Stem Cell Treatment for Erectile Dysfunction

Stem Cell Treatment for Erectile Dysfunction

STEM CELL TREATMENT ERECTILE DYSFUNCTION

Stem Cell Treatment for Erectile Dysfunction

  • Erectile Dysfunction is a sexual dysfunction characterized by the inability to develop or maintain an erection of the penis during sexual performance.

  • Stem Cell Treatmentst aims to effect the Calcium-sensitive potassium channel and therefore help increase the flow of blood into the Corpus.

STEM CELL TREATMENT ERECTILE DYSFUNCTIONA penile erection is the hydraulic effect of blood entering and being retained in sponge-like bodies within the penis. The process is often initiated as a result of sexual arousal, when signals are transmitted from the brain to nerves in the penis. Erectile dysfunction is indicated when an erection is difficult to produce. There are various circulatory causes, including alteration of the voltage-gated potassium channel, as in arsenic poisoning from drinking water.

The most important organic causes are cardiovascular disease and diabetes, neurological problems (for example, trauma from prostatectomy surgery), hormonal insufficiencies (hypogonadism) and drug side effects.

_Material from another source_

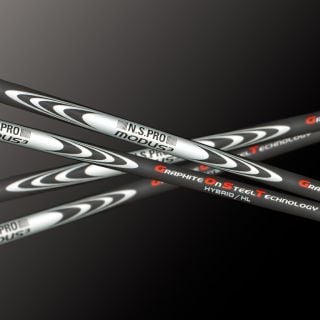 N.S.PRO Modus3 Hybrid HL Shaft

Psychological impotence is where erection or penetration fails due to thoughts or feelings (psychological reasons) rather than physical impossibility; this is somewhat less frequent but often can be helped. Notably in psychological impotence, there is a strong response to placebo treatment. Erectile dysfunction, tied closely as it is about ideas of physical well being, can have severe psychological consequences.

Stem Cell Treatment for Erectile Dysfunction

NIH Streaming Database:

Timing of mesenchymal stem cell delivery impacts the fate and therapeutic potential in intervertebral disc repair. J Orthop Res. 2016 Jun 23; Authors: Maidhof R, Rafiuddin A, Chowdhury F, Jacobsen T, Chahine NO Abstract Cell-based therapies offer a promising approach to treat intervertebral disc (IVD) degeneration. The impact of the injury microenvironment on treatment efficacy has not been established. This study used a rat disc stab injury model with administration of mesenchymal stromal cells (MSCs) at 3, 14, or 30 days post injury (dpi) to evaluate the impact of interventional timing on IVD biochemistry and biomechanics. We also evaluated cellular localization within the disc with near infrared imaging to track the time and spatial profile of cellular migration after in vivo delivery. Results showed that upon injection into a healthy disc, MSCs began to gradually migrate outwards over the course of 14 days, as indicated by decreased signal intensity from the disc space and increased signal within the adjacent vertebrae. Cells administered 14 or 30 dpi also tended to migrate out 14 days after injection but cells injected 3dpi were retained at a significantly higher amount versus the other groups (p < 0.05). Correspondingly the 3dpi group, but not 14 or 30dpi groups, had a higher GAG content in the MSC group (p = 0.06). Enrichment of MSCs and increased GAG content in 3dpi group did not lead to increased compressive biomechanical properties. Findings suggest that cell therapies administered at an early stage of injury/disease progression may have greater chances of mitigating matrix loss, possibly through promotion of MSC activity by the inflammatory microenvironment associated with injury. Future studies will evaluate the mode and driving factors that regulate cellular migration out of the disc. This article is protected by copyright. All rights reserved. PMID: 27334230 [PubMed - as supplied by publisher]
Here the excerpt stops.